The fundamental idea that underpins these issues is that digital is a channel. Radio was a new channel. Television was a new channel. Digital is not a new channel, digital is a new world. It is an evolution of media that has taken with it the advertising industry. It is an evolution that, in the relatively short history of advertising, has not happened before.

This got me thinking. Perhaps the challenge that we are facing is not one of channels, nor of integration. I have a feeling that we are approaching this from the wrong direction — from the agency, or from the brand out — and maybe it would profit us to think in the other direction. I made the comment that:

We need to look at the nuances of the traditional channels and then think about how best we can amplify, enable and transform the experiences that consumers have with brands.

With a clear shift away from passive interaction with brands, messages and advertising and a growing adoption of social networks/media, user generated content and experiences that extend from the second to the third screen, the role of the digital strategist will necessarily move from the margin to the hub of campaign planning. This is not to downplay the role of the traditional or even the channel planner. But, in the near future (ok, now), brands need to be reaching and inviting us all to participate in ways that deprioritise the channels that favour one-way communications — opting instead for digitally-enabled experiences that blur the boundaries, amplify the stories and activate our engagement in polyphonic conversational structures.

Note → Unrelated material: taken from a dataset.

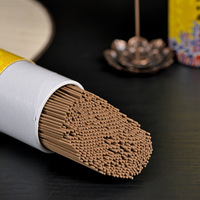 Bâtons d'encens en bois de santal naturel, artisanat ancien, en gros, pour la méditation en intérieur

It’s time to stop looking through the channel and start listening to the conversations that are already ringing in our ears.

Future of Media Summit 2008


Ross Dawson’s Future of Media Summit was held simultaneously in Sydney, Australia and San Francisco, USA.

I live blogged the proceedings using CoverItLive (my first real usage of this service) while also attempting to feed this information into the Twitter stream — which you can view via Summize.

There was much "traditional media" vs "new media" discussion which bogged down the flow. This was particularly evident during the panel discussions which were heavily laced with members of "traditional media", with bare and often no representation from the "new" side of the business. This forced the alternate conversation into the "back channel" — the Twitter stream which was equally one-sided.

It wasn’t until later, during the unconference sessions, where Stephen Collins and Jed White took the lead in introducing the participants to Twitter (and the under-conference that had been happening all day). Unfortunately I had to leave by this time, but was able to roughly follow proceedings via Twitter — with new names popping up every couple of minutes. Perhaps, in this way, the future of media is PARTICIPATION.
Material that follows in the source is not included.